Since previous reports have shown that the efficiency of HDR editing is inversely correlated with distance to the Cas9-generated break site (Arribere et al. 2014; Inui et al. 2014; Paix et al. 2014, 2015; Ward 2015), we asked whether the distance of blocking mutations from the break site might be confounded with their actual ability to block Cas9. In other words, the P2 blocking mutation might increase the frequency for recovery of HDR-edited animals compared to the P20 blocking mutation because it is closer to the dsDNA break site and is therefore more likely to incorporate during repair, rather than the P2 mutation blocking Cas9 more effectively than P20. To address this, we examined how frequently partial or complete HDR occurred when using repair templates that mutated one nucleotide within the guide sequence as well as the PAM domain to ensure that Cas9 was equally blocked under each condition (P2+PAM, P11+PAM, and P20+PAM) (Figure 3B, Supplementary Table S6). When both the PAM and P2 mutations were introduced, we found that all of the edited chromosomes that we examined contained both PAM and P2 mutations (100% both edited) (Figure 3B, Supplementary Table S6). However, when the PAM was mutated alongside the P11 or P20 mutations, we found that partial HDR repair had often occurred.
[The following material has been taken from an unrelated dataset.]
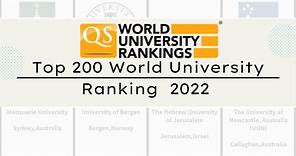 [2022]Top 200 Qs World University Ranking 2022｜QS 2022 University Ranking ｜QS Ranking 2022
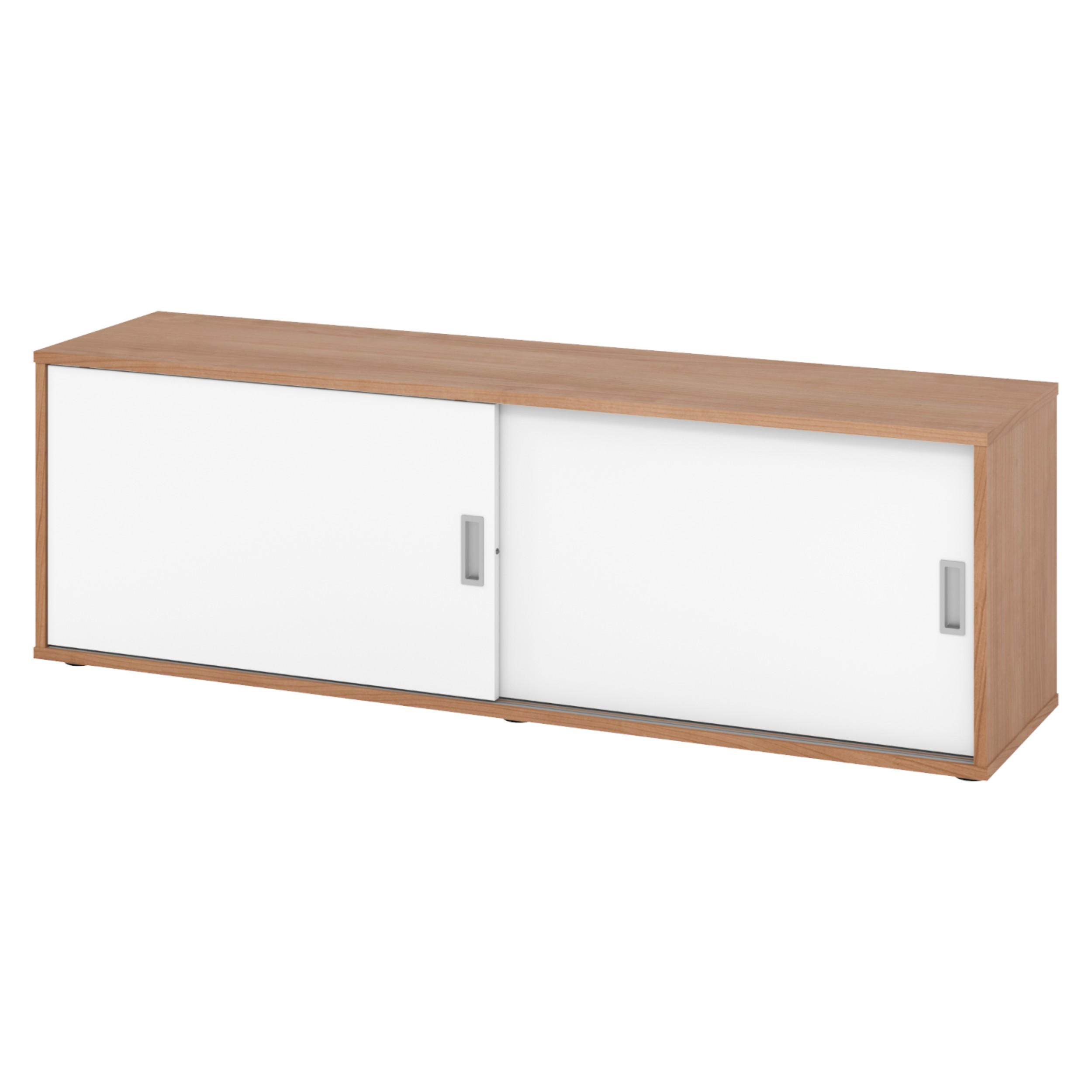 bümö Lowboard Nussbaum, Weiß 160x52x40 cm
In particular, we found that the majority of HDR-edited chromosomes contained only the PAM blocking mutation when either P11+PAM (72.2% PAM only) or the P20+PAM (71.8% PAM only) repair templates had been used (Figure 3B, Supplementary Table S6). Only a small fraction of HDR-edited chromosomes contained both the guide blocking mutation and the PAM mutation for the P11+PAM (16.6% both edited) or P20+PAM (28.2% both edited) mutations (Figure 3B, Supplementary Table S6). Therefore, the distance of blocking mutations from the dsDNA break site, which is located near the 3′ end of the guide sequence, appears to influence the rate at which they are incorporated via HDR. Blocking mutations located farther away from the dsDNA break site may not always be incorporated through HDR, leading to an overall decrease in HDR-editing efficiency since Cas9 can re-target the partially repaired chromosome. Despite the reduced incorporation of the more distant blocking mutations, the overall high efficiency of obtaining desired edits (Figure 2) strongly supports practical use of single nucleotide blocking mutations when PAM mutations are not possible.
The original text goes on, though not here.